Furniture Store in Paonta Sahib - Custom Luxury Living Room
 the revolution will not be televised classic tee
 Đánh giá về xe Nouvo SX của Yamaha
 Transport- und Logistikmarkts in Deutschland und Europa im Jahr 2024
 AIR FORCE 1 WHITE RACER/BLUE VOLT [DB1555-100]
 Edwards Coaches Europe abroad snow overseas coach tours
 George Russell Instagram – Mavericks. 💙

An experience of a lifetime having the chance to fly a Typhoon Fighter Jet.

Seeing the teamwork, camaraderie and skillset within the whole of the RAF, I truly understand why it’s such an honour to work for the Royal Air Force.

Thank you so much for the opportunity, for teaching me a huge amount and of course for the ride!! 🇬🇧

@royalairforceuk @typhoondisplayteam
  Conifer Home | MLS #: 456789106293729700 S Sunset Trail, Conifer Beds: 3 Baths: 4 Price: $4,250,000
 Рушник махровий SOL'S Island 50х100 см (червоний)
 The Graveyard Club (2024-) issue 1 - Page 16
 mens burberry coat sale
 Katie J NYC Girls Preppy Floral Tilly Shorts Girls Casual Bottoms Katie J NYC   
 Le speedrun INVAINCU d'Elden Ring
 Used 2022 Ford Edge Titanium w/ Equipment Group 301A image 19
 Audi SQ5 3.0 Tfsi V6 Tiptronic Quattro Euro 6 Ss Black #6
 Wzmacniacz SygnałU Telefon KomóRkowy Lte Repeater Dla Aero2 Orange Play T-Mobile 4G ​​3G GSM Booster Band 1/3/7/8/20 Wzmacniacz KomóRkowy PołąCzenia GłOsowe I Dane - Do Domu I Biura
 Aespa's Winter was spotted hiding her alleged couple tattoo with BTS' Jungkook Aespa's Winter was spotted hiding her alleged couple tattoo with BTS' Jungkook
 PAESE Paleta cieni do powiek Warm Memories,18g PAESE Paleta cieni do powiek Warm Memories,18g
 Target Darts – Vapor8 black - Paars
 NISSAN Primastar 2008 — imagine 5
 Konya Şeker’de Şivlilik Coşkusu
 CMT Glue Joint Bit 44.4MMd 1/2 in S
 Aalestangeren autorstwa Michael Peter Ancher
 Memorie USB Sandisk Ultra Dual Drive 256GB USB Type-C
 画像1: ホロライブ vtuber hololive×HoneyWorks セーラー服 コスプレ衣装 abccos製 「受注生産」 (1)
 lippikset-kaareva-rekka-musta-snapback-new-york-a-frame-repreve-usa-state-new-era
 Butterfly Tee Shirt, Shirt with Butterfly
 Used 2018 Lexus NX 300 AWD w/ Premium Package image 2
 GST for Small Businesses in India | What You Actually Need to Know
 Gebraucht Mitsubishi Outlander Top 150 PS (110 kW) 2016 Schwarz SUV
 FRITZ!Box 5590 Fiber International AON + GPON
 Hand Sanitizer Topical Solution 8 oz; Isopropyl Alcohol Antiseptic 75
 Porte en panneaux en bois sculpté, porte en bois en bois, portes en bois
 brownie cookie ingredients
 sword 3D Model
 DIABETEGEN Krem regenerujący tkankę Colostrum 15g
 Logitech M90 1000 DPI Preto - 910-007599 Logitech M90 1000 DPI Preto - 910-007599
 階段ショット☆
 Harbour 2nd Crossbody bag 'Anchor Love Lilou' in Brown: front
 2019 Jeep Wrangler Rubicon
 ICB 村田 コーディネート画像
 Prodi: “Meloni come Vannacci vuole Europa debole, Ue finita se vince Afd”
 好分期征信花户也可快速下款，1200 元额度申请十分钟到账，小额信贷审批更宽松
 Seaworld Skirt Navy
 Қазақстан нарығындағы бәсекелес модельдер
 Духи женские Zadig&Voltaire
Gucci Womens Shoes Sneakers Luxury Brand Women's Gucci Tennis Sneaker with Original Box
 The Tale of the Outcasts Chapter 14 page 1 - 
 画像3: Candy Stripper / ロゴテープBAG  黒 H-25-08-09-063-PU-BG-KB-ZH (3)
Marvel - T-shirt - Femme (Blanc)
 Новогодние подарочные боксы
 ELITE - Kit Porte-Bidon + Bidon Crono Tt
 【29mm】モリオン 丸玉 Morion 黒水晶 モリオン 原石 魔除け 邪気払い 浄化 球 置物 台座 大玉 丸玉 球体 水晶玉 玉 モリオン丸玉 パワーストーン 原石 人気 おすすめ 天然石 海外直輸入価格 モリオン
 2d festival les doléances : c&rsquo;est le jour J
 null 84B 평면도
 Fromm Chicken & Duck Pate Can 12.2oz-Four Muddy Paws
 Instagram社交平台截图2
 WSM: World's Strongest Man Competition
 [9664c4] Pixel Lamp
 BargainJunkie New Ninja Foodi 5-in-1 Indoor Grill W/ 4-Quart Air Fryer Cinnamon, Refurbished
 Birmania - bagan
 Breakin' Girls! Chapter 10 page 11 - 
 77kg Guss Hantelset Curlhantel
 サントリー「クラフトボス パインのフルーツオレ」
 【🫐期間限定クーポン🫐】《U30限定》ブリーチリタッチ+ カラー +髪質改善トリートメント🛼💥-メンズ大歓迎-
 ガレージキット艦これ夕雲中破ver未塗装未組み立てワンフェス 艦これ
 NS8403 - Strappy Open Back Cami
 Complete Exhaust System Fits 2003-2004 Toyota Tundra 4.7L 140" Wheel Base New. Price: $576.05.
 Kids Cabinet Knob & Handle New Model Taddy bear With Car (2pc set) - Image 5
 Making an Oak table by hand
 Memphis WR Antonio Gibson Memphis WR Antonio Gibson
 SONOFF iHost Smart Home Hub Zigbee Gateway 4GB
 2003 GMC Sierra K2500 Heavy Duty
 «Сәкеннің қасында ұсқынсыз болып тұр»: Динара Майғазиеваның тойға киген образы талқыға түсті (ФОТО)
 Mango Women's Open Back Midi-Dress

---

→ Assignment
Everything from the line containing "Fromm Chicken &" through the line containing "2003 GMC Sierra K2500 Heavy Duty" in the material above should be retyped exactly, both ends included, and nothing more.

→ Response area
 Fromm Chicken & Duck Pate Can 12.2oz-Four Muddy Paws
 Instagram社交平台截图2
 WSM: World's Strongest Man Competition
 [9664c4] Pixel Lamp
 BargainJunkie New Ninja Foodi 5-in-1 Indoor Grill W/ 4-Quart Air Fryer Cinnamon, Refurbished
 Birmania - bagan
 Breakin' Girls! Chapter 10 page 11 - 
 77kg Guss Hantelset Curlhantel
 サントリー「クラフトボス パインのフルーツオレ」
 【🫐期間限定クーポン🫐】《U30限定》ブリーチリタッチ+ カラー +髪質改善トリートメント🛼💥-メンズ大歓迎-
 ガレージキット艦これ夕雲中破ver未塗装未組み立てワンフェス 艦これ
 NS8403 - Strappy Open Back Cami
 Complete Exhaust System Fits 2003-2004 Toyota Tundra 4.7L 140" Wheel Base New. Price: $576.05.
 Kids Cabinet Knob & Handle New Model Taddy bear With Car (2pc set) - Image 5
 Making an Oak table by hand
 Memphis WR Antonio Gibson Memphis WR Antonio Gibson
 SONOFF iHost Smart Home Hub Zigbee Gateway 4GB
 2003 GMC Sierra K2500 Heavy Duty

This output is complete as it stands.